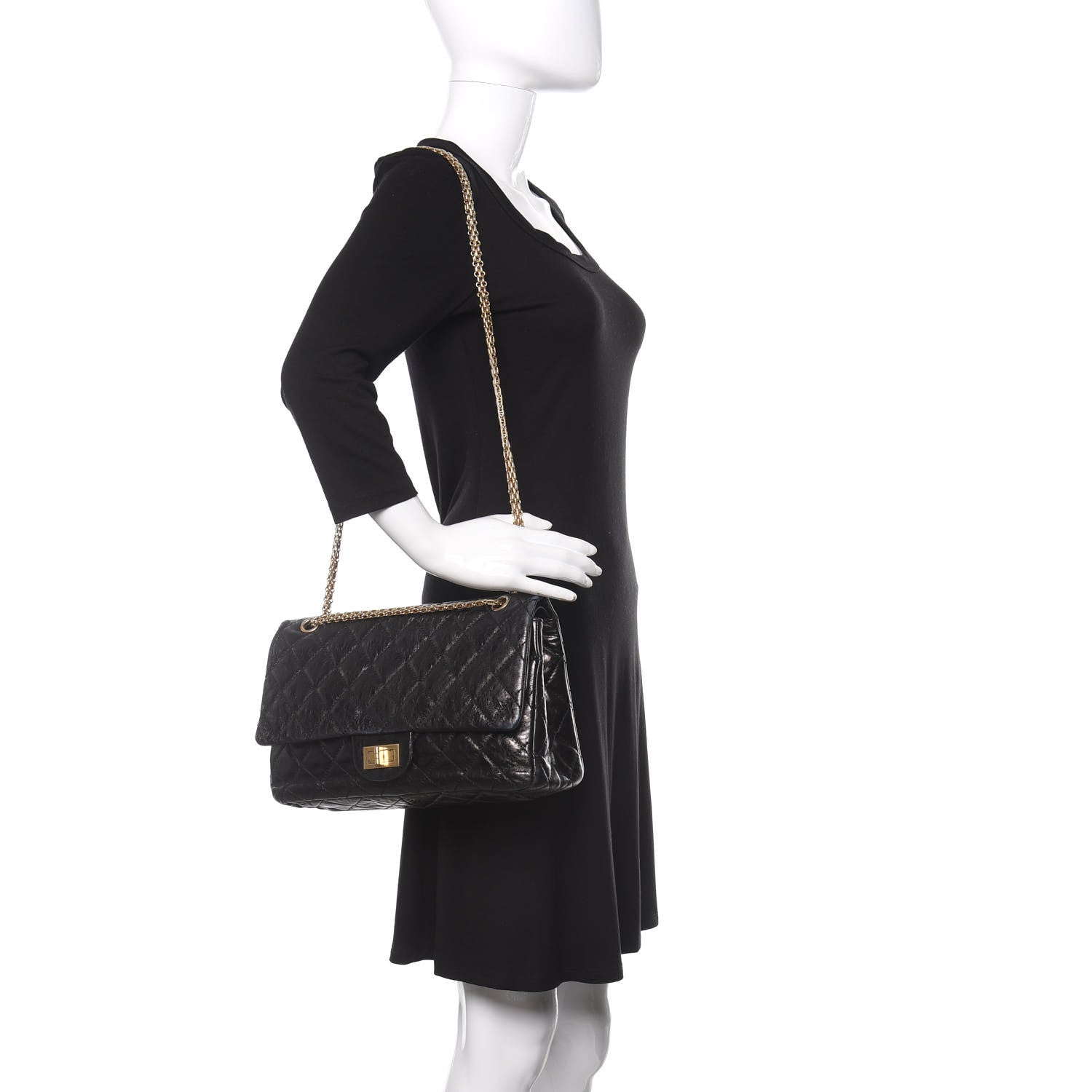 Chanel Aged Calfskin Quilted 2.55 Reissue 226 Flap Black 3 of 13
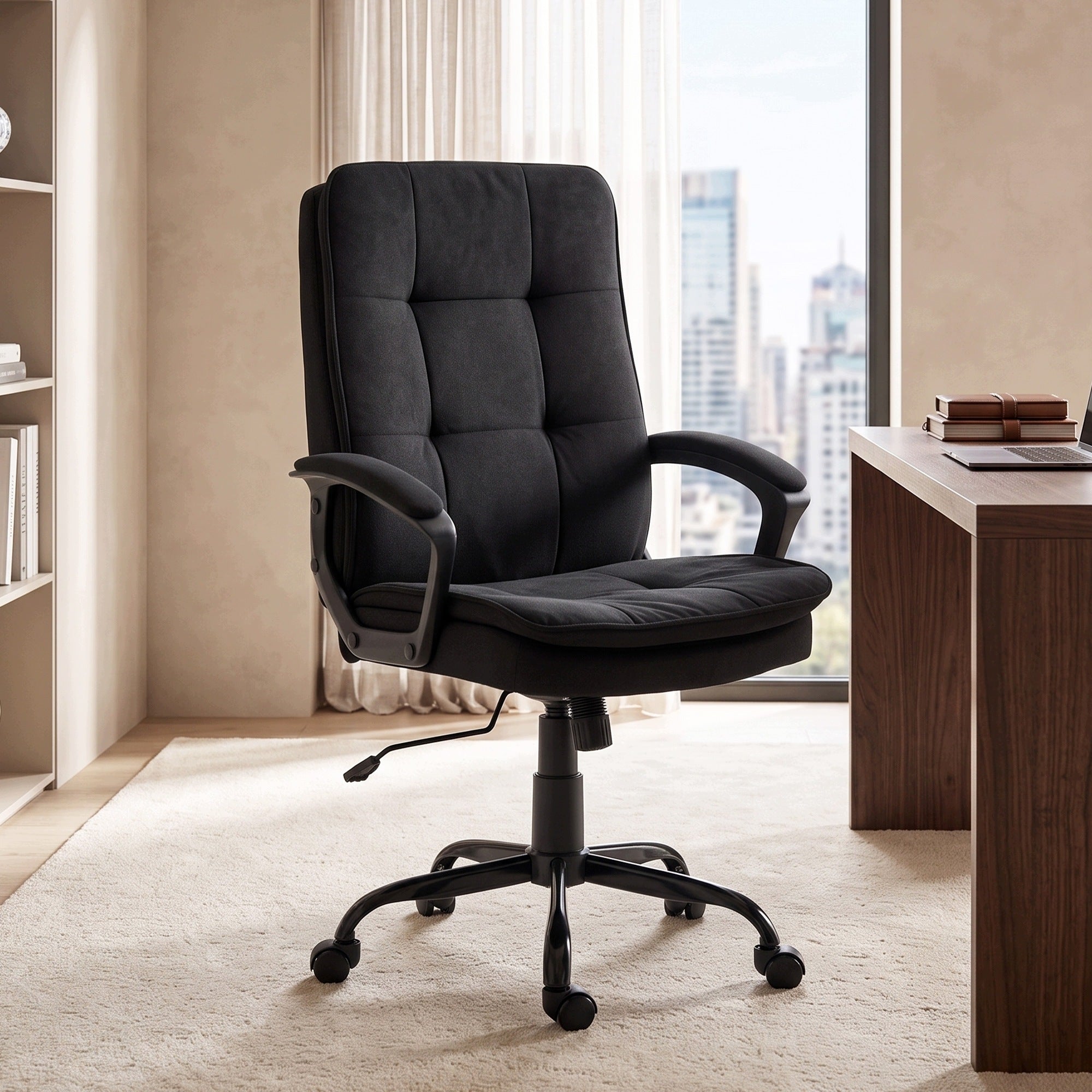 Office chair with armrests, height adjustable, standard, black Medical device no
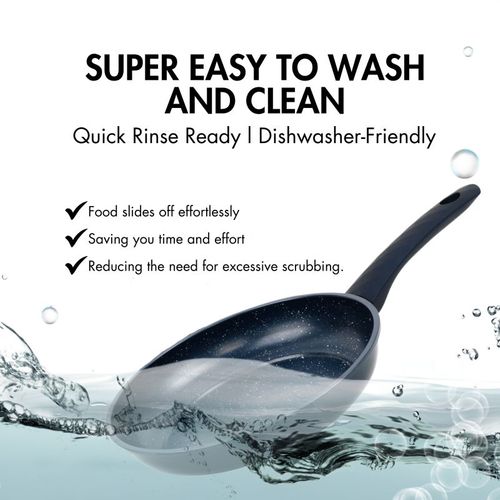 Batterie De Cuisine Forgée Revêtement En Marbre Bleu 7 Pièces  Hg04685-blu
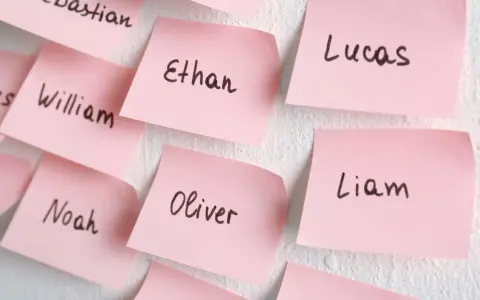 Różowe karteczki z popularnymi amerykańskimi imionami: Ethan, Lucas, Liam, Noah, Oliver, William.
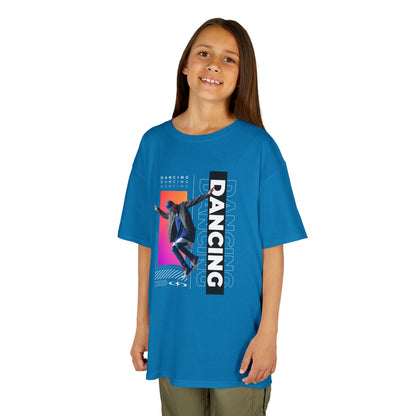 “Dancing” Youth Short Sleeve T-Shirt – Streetwear-Inspired Male Dancer Graphic – Stylish Kids Dance Apparel Tee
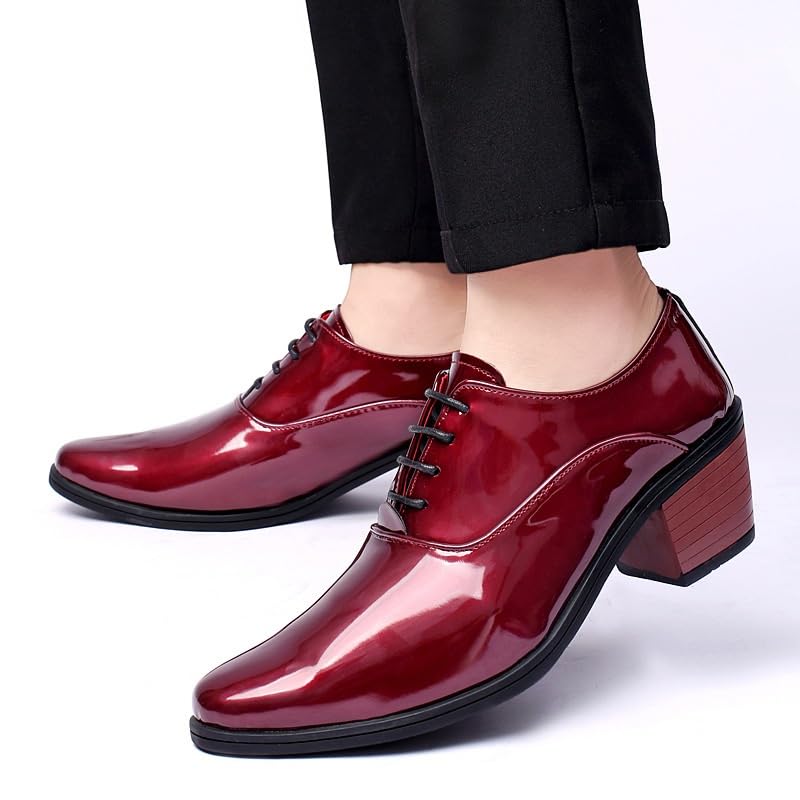 Men's Tuxedo Dress Shoes Mens Retro Comfortable Business Height Increasing Non-Slip Softsole Walking Oxford Shoes Lace Up Pointed Toe Derby Shoes2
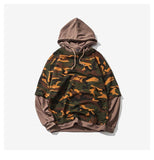 Camouflage Drop Shoulder 2 Layered Hooded Shirt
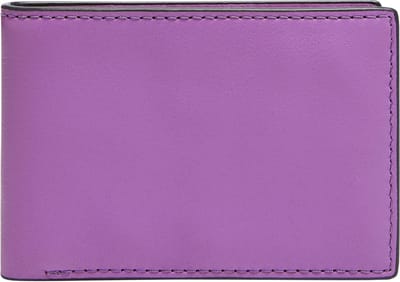 FOSSIL Leren Kaarthoes Steven Front Pocket Wallet Bifold Bright Purple Paars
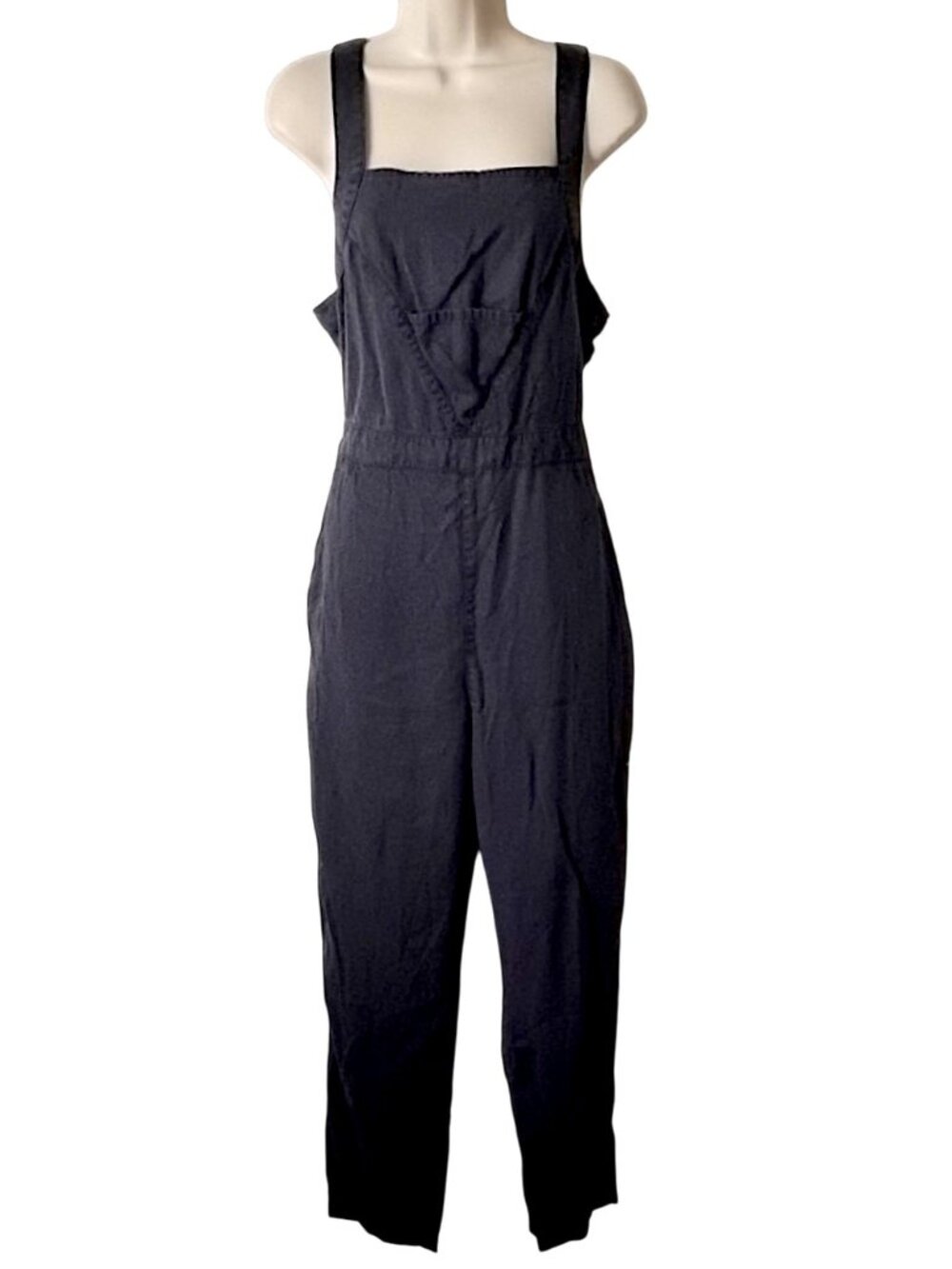 & Other Stories Los Angeles Atelier Lyocell Overalls 10 Black Exposed Back Zip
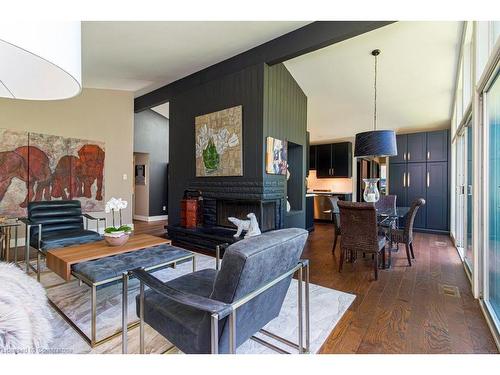 858 Montgomery Drive, Ancaster, ON - Indoor Photo Showing Living Room With Fireplace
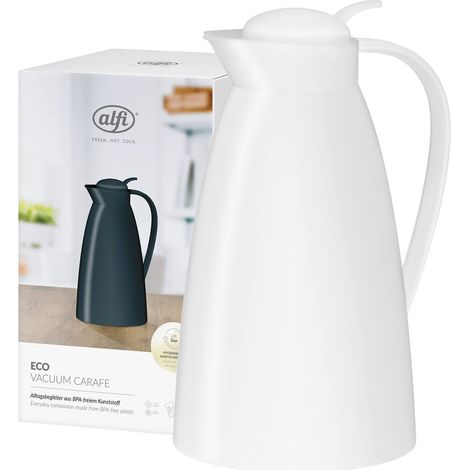 alfi ECO 1,0l,coconut white mat,caraffa thermos con igienico inserto in vetro temprato in plastica,chiusura a vite con pulsante,usabile con una sola mano,ottima come caraffa da caffè e da tè,senza BPA (1/5)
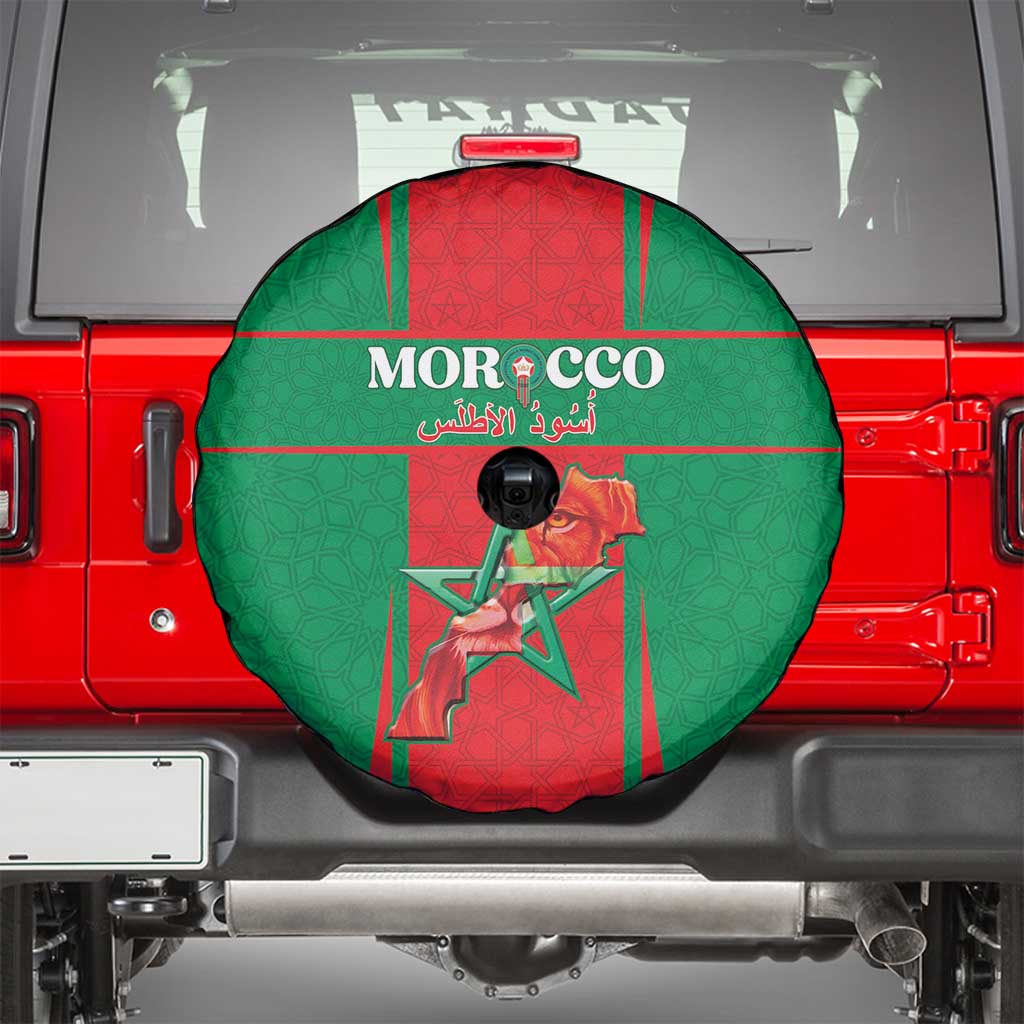 Morocco Football Spare Tire Cover Go Champions Atlas Lions - Red - Wonder Print Shop
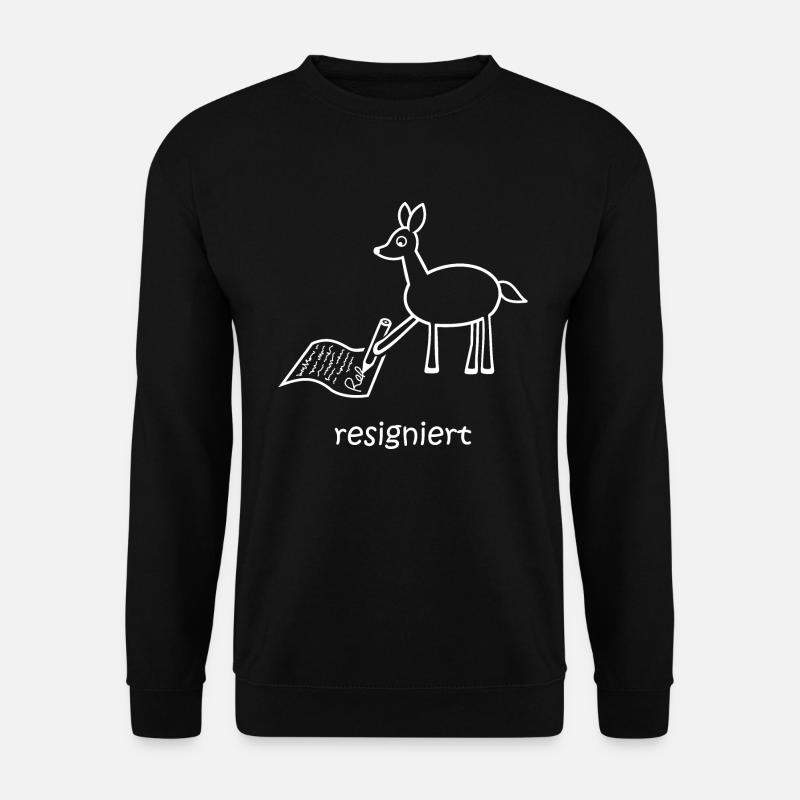 resigniert, Reh, lustiges Reh, Wortspiel, Tiere - Unisex Pullover - Schwarz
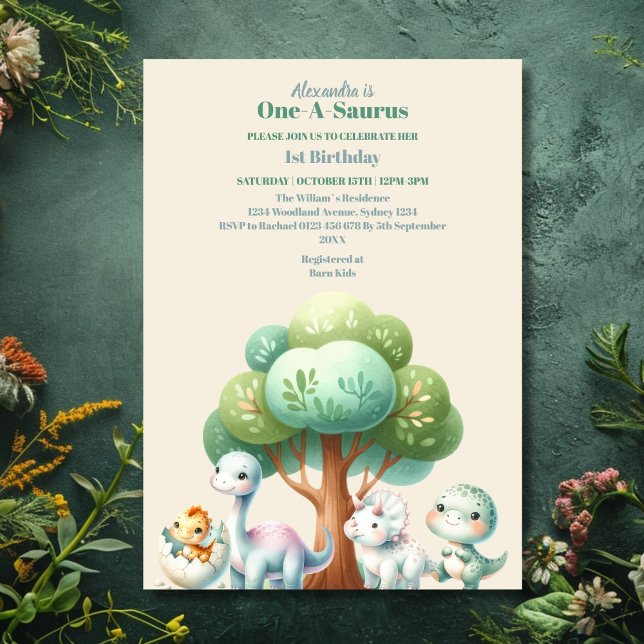 Invitación Tema de los dinosaurios Primer Fiesta de cumpleaño (Subido por el creador)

(PROBLEM REQUIREMENTS) Give back exactly the lines from the line with "FOSSIL Leren Kaarthoes" through the end of the records, both included; keep all pictures out.

(EXERCISE RESULT)
 FOSSIL Leren Kaarthoes Steven Front Pocket Wallet Bifold Bright Purple Paars
 & Other Stories Los Angeles Atelier Lyocell Overalls 10 Black Exposed Back Zip
 858 Montgomery Drive, Ancaster, ON - Indoor Photo Showing Living Room With Fireplace
 alfi ECO 1,0l,coconut white mat,caraffa thermos con igienico inserto in vetro temprato in plastica,chiusura a vite con pulsante,usabile con una sola mano,ottima come caraffa da caffè e da tè,senza BPA (1/5)
 Morocco Football Spare Tire Cover Go Champions Atlas Lions - Red - Wonder Print Shop
 resigniert, Reh, lustiges Reh, Wortspiel, Tiere - Unisex Pullover - Schwarz
 Invitación Tema de los dinosaurios Primer Fiesta de cumpleaño (Subido por el creador)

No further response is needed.